She helped me to the bathroom and got me there in time for me to hurl my guts out.
I collapsed to the tile floor shaking when I was done, my throat burning.
I felt weak.
I felt sad.
I felt lost.
I felt hollow.
I felt like tomorrow had stopped existing.
There was only a constant now, a single ongoing, endless hour of pain.
Of loss.
“Dresden,” Bear said gently. “Hey.”
I opened my eyes.
She towered over me like some kind of vast sailing ship.
Her hand was held out. Her broad face was gentle.
“Come on,seidrmadr,” she said gently. “You can take my hand.”
My arm felt unbearably heavy. But I did it.
Bear hauled me up. I wasn’t able to give her any more help. There just wasn’t the will inside me. But she took me to the bed. She was careful with me. She took a cold rag to my face and neck. She made me sip some water that had the fizzy sensation of some kind of effervescent antacid. My head pounded abominably. She got me settled into bed about the same time I started shivering. She covered me and started singing.

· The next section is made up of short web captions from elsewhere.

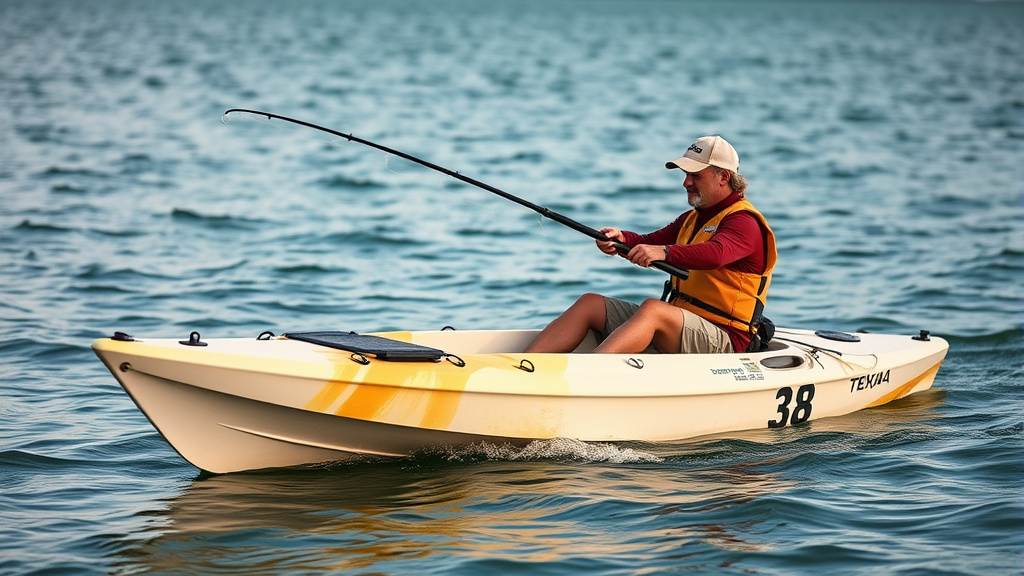 7 Best Kayaks for Inshore Fishing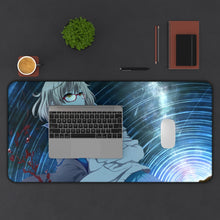 Cargar imagen en el visor de la galería, Beyond The Boundary Mouse Pad (Desk Mat) With Laptop
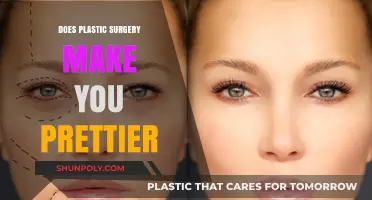 Does Plastic Surgery Enhance Beauty or Alter Self-Perception?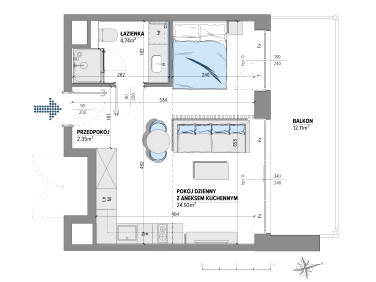 Mieszkanie Darłowo sprzedaż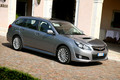 mednarodna predstavitev: Subaru legacy & outback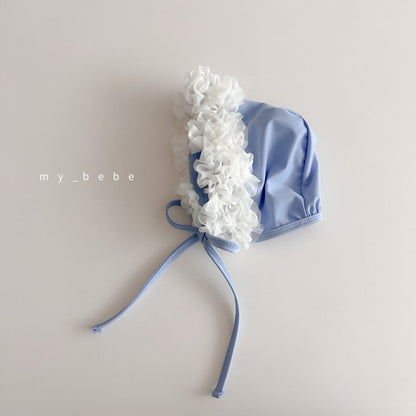 [PRE-ORDER] Corsage Swim Hat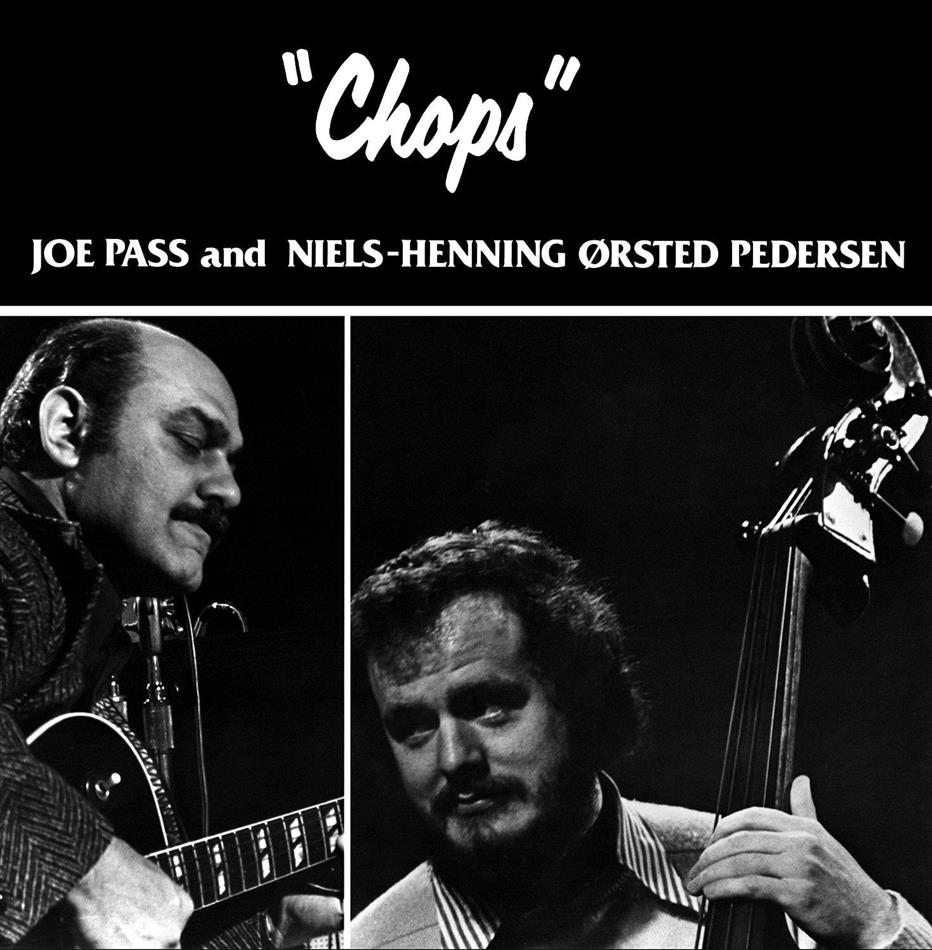 Joe Pass & Niels-Henning Orsted Pedersen - Chops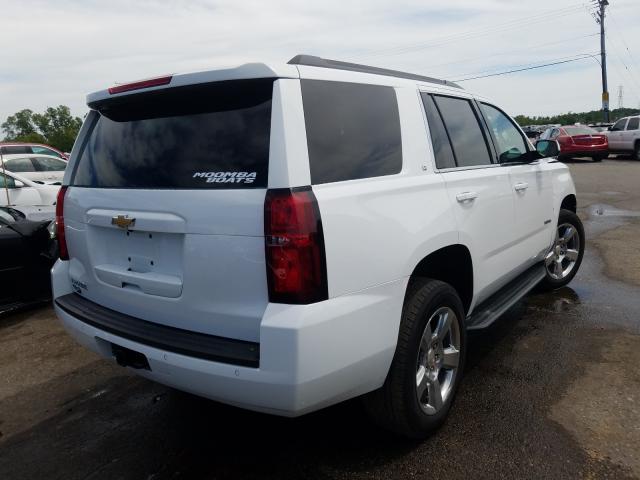 2018 CHEVROLET TAHOE K150 1GNSKBKC9JR156953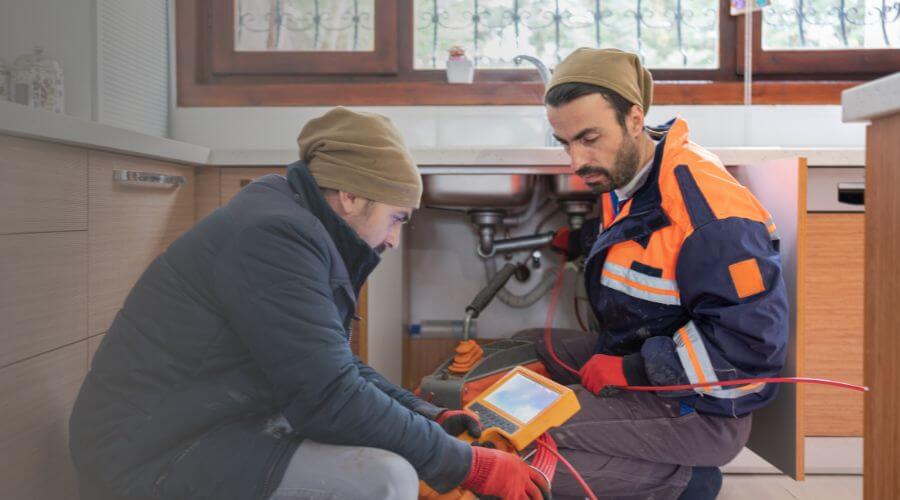 Professional emergency plumbing in Wittensville, KY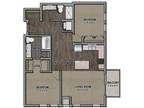 One Southdale Place - 2H-2 Bedroom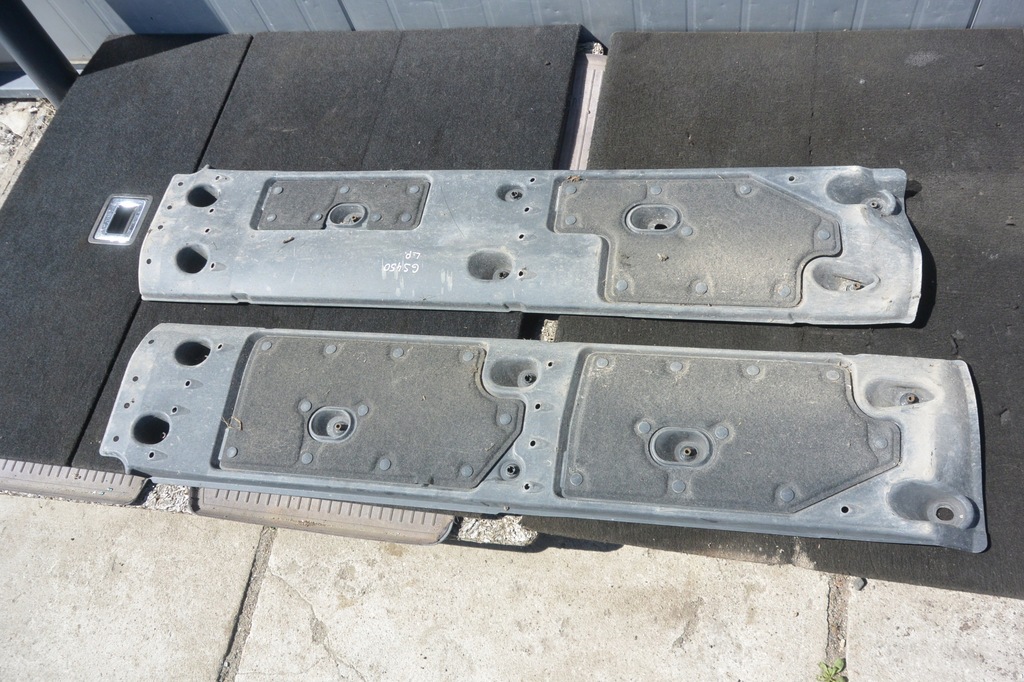 фото №1, Захист підвіска комплект lexus gs iii 450h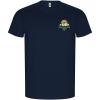 Golden short sleeve men's t-shirt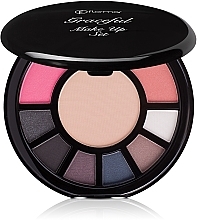 Fragrances, Perfumes, Cosmetics Eyeshadow, Powder & Palette Palette - Flormar Graceful Make Up Set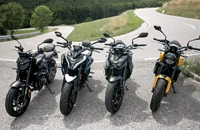 Testbericht Yamaha MT-07 Y-AMT - Vorschaubild Yamaha MT-07 Y-AMT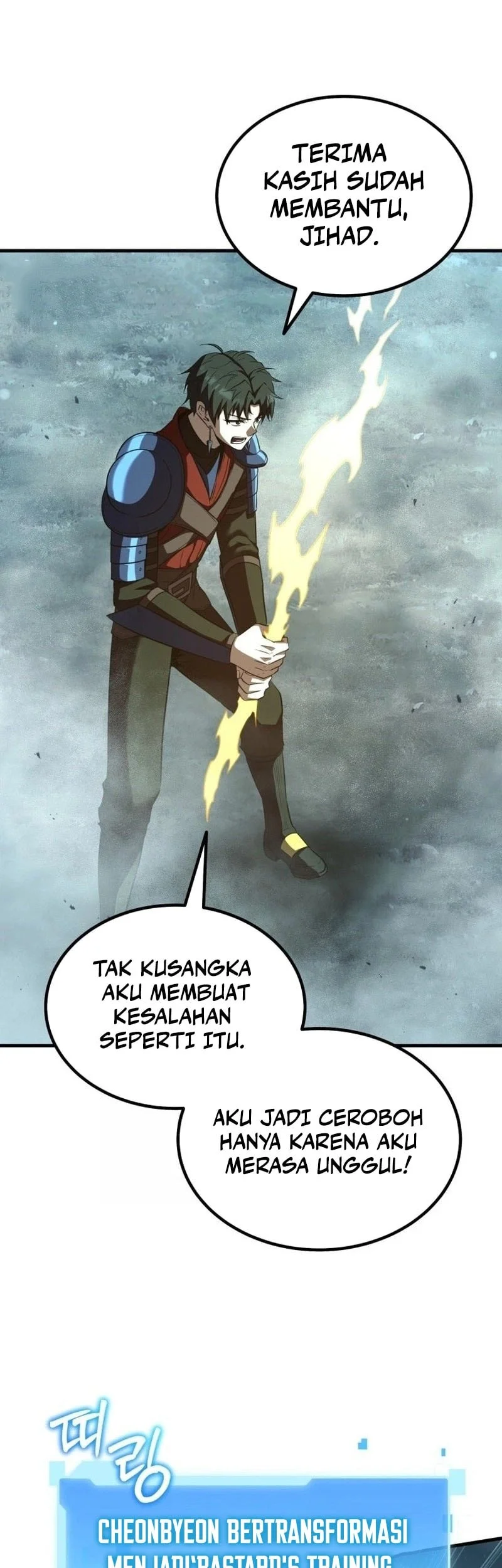 Return Of The All Time Genius Ranker Chapter 31 Halaman 14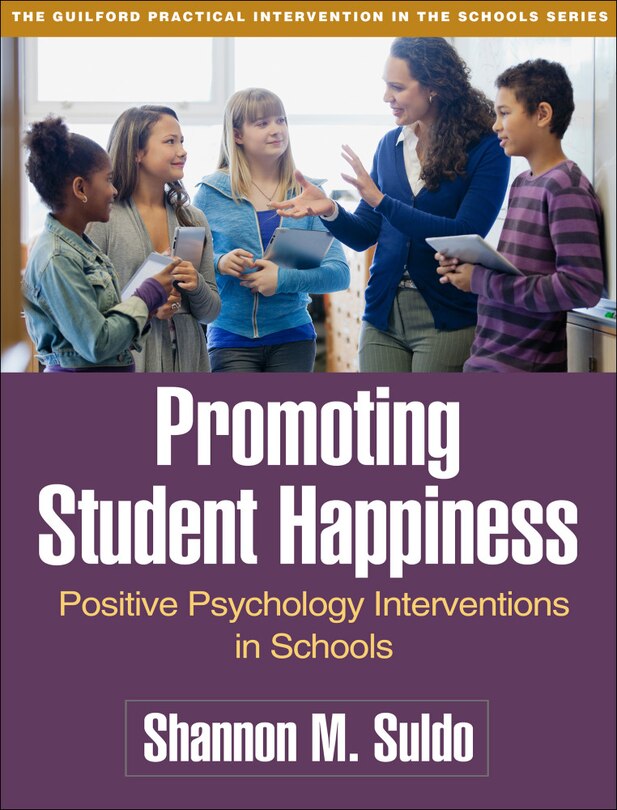 Front cover_Promoting Student Happiness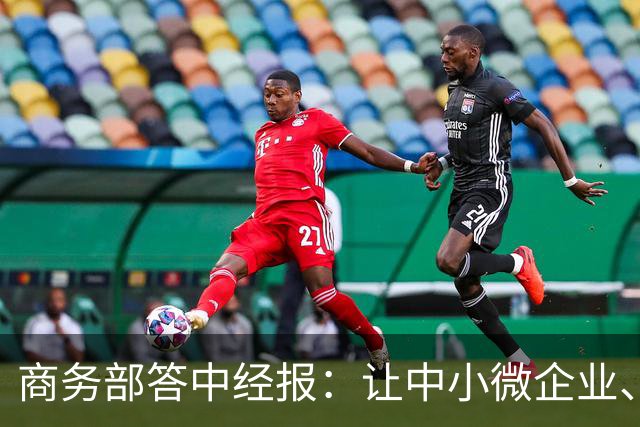 商务部答中经报：让中小微企业、个体工商户享受科技兴商的发展红利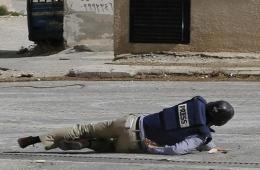 18 Palestinian Journalists Killed in War-Torn Syria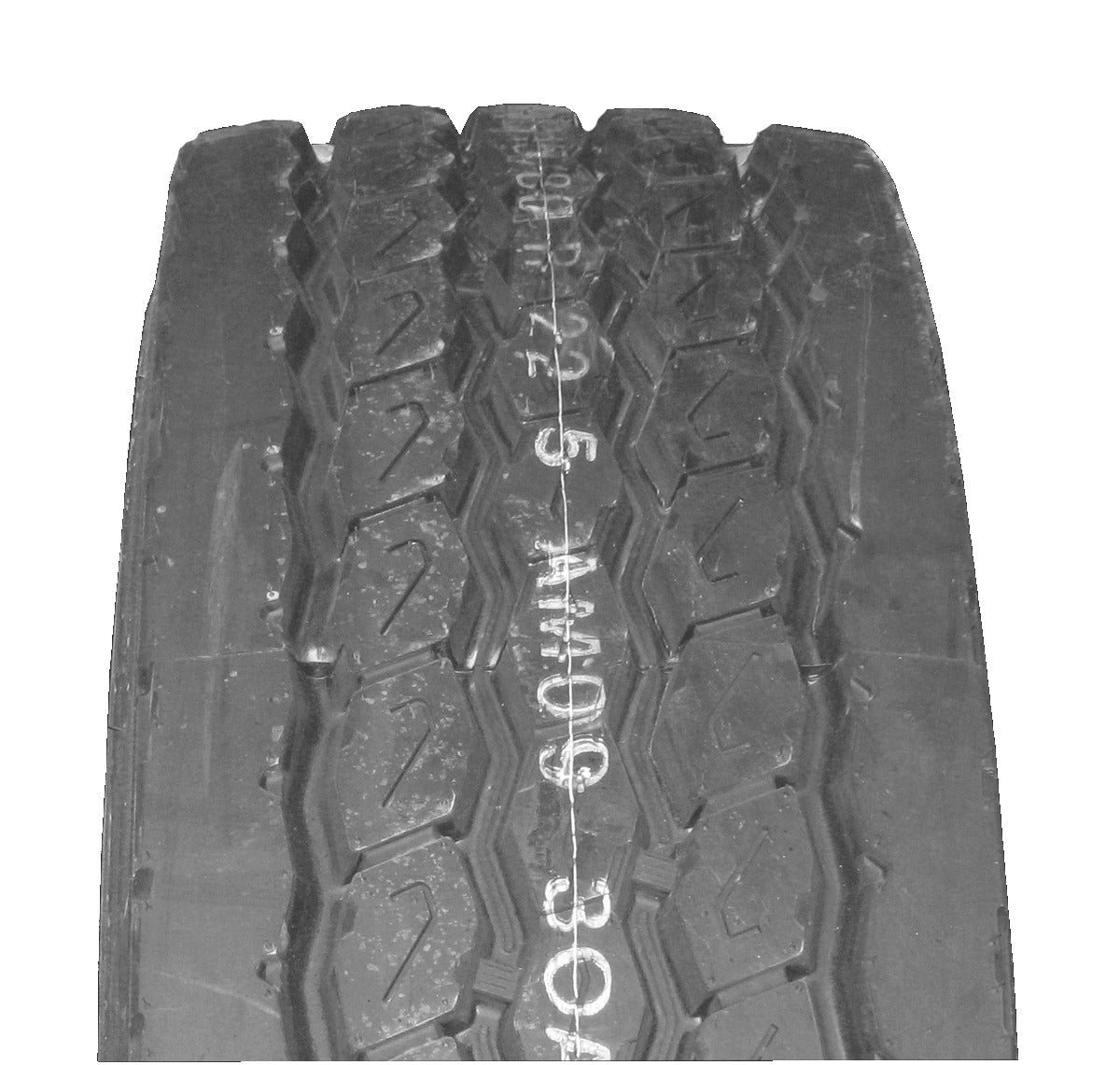 Hankook AM 09 10.00 R22.5 144L – Bild 2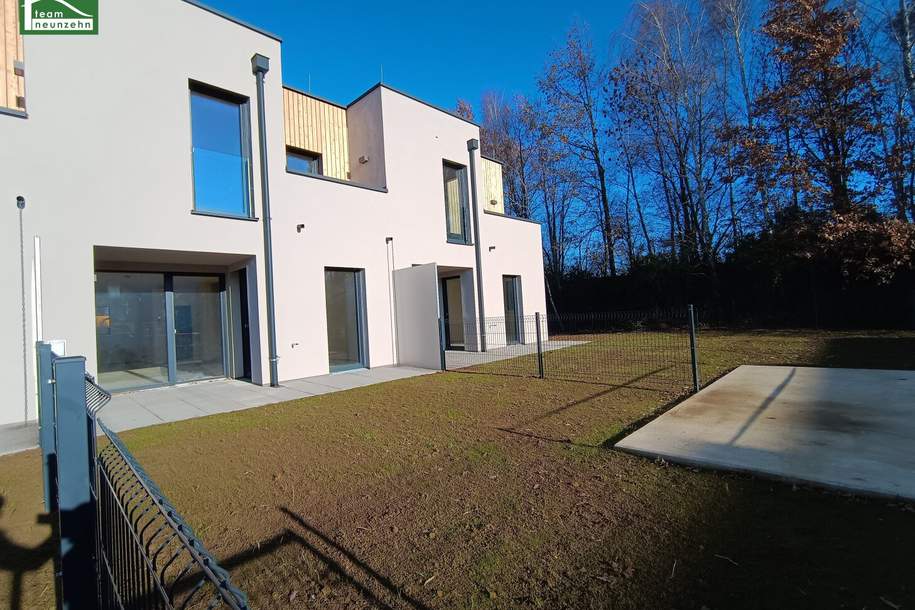 Reihenhaus in wundervoller Lage mit vielen Extras! PROVISIONSFREI! Stadt trifft Natur, Haus-kauf, 506.400,€, 3100 Sankt Pölten(Stadt)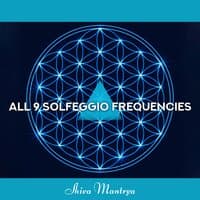 All 9 Solfeggio Frequencies: Full Body Aura Cleanse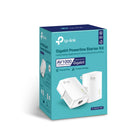 TP-Link TL-PA7017 KIT Kit de démarrage CPL AV1000 Gigabit-Brancher et utiliser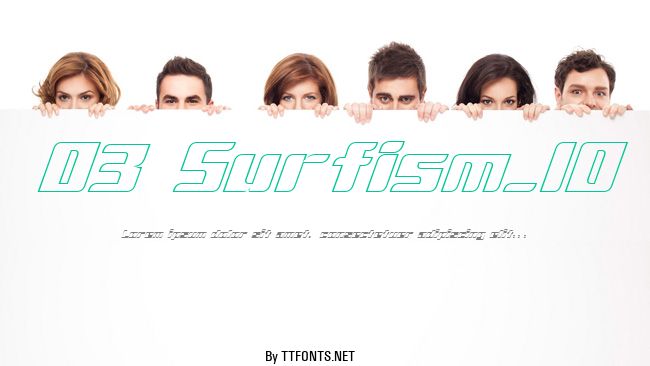 D3 Surfism_IO example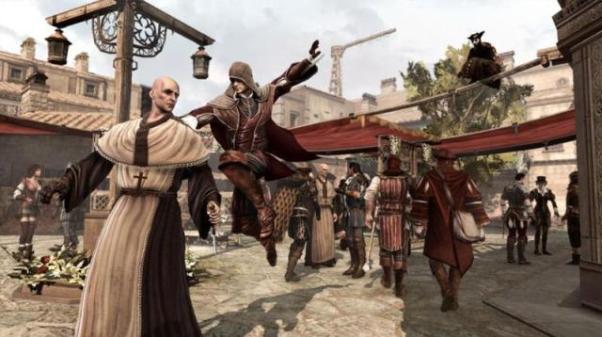 Újabb letölthető tartalom érkezik március elején az Assassins Creed: Brotherhood-hoz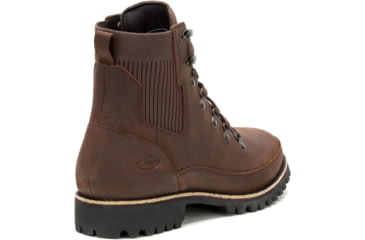 Image of Chaco Fields Lace WP Shoes - Mens, Dark Brown, 13, JCH108721-13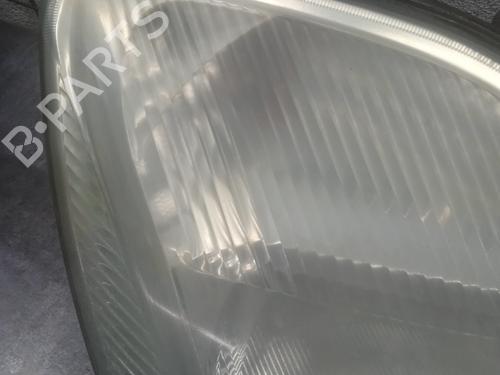 Right headlight FORD FIESTA V (JH_, JD_) 1.4 TDCi | BP22318252C29 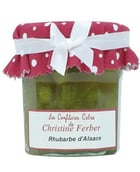 Confiture de rhubarbe - Christine Ferber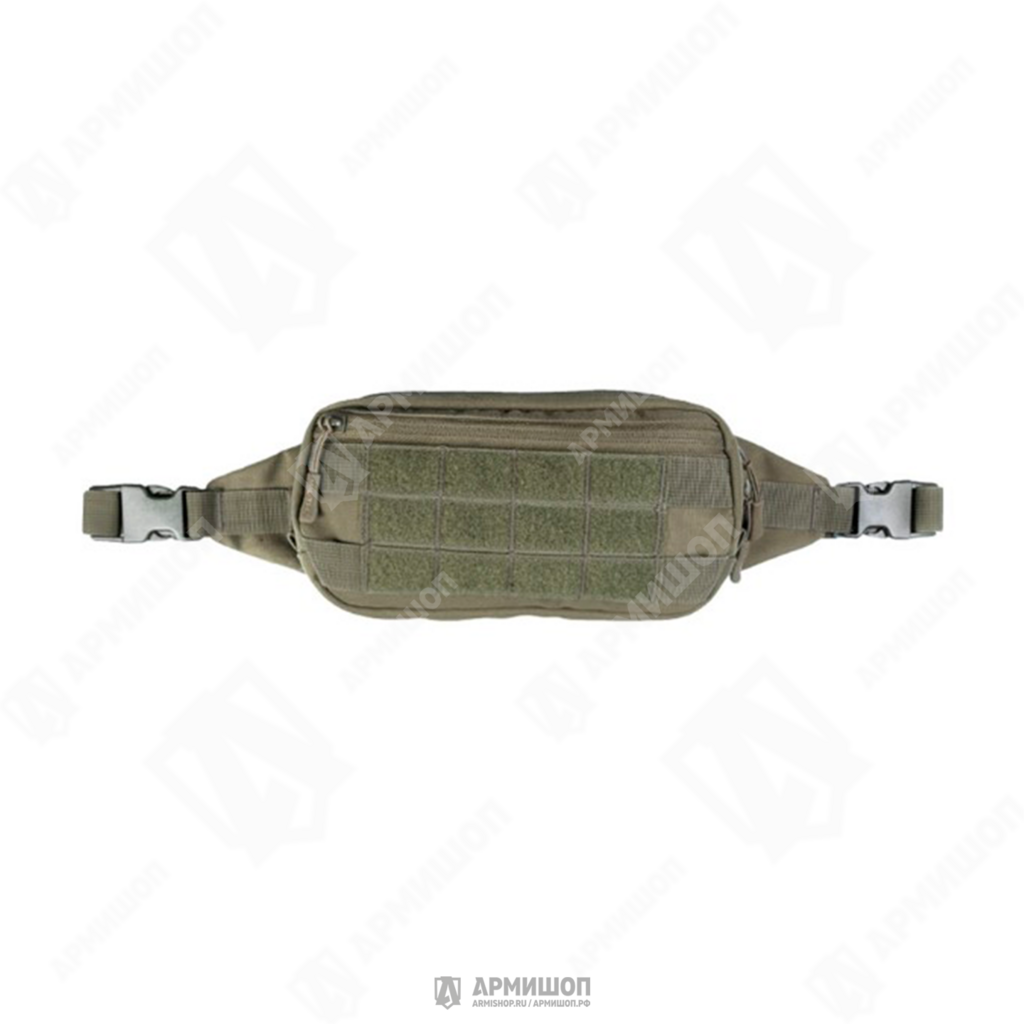 Сумка поясная Molle Mil-Tec Olive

Her voice was astoundingly melodic, gentle, and precise. I didn’t know the language, and the rhythms were strange. It sounded old, old. A song from a world that had been all but forgotten. It sounded steady. Reassuring. Patient. As if she could continue it all night if she needed to.
I thought I was going to cry but I was just too damned tired.
And that was the first time since Murphy died that I slept until dawn.
Chapter
Fourteen
I spent the day hungover, and we went out to hunt ghouls at sundown.
“For the record,” Bear said, as we settled down in the shadows of the alley, “you shouldn’t be out tonight.”
“Your Valkyrie sense is tingling?” I asked grumpily.
Bear squinted at me. I could barely see her face in the darkness of the trash can fires in the encampment across the street. “Dresden,” she asked, “have you ever fought an angel of death?”
“No,” I said carefully.
“I have,” she said. “And here I am. Could be I know a couple things you don’t.”
I snorted quietly through my nose. “Could be you know everything I don’t. Doesn’t change that we need to make some ghouls go away.”
Bear grunted a reluctant affirmative. “You’re hungover. Your head is a mess. Don’t try to pretend you’re in shape for a fight. You need more time.”
“What I need is a good costume for Halloween.”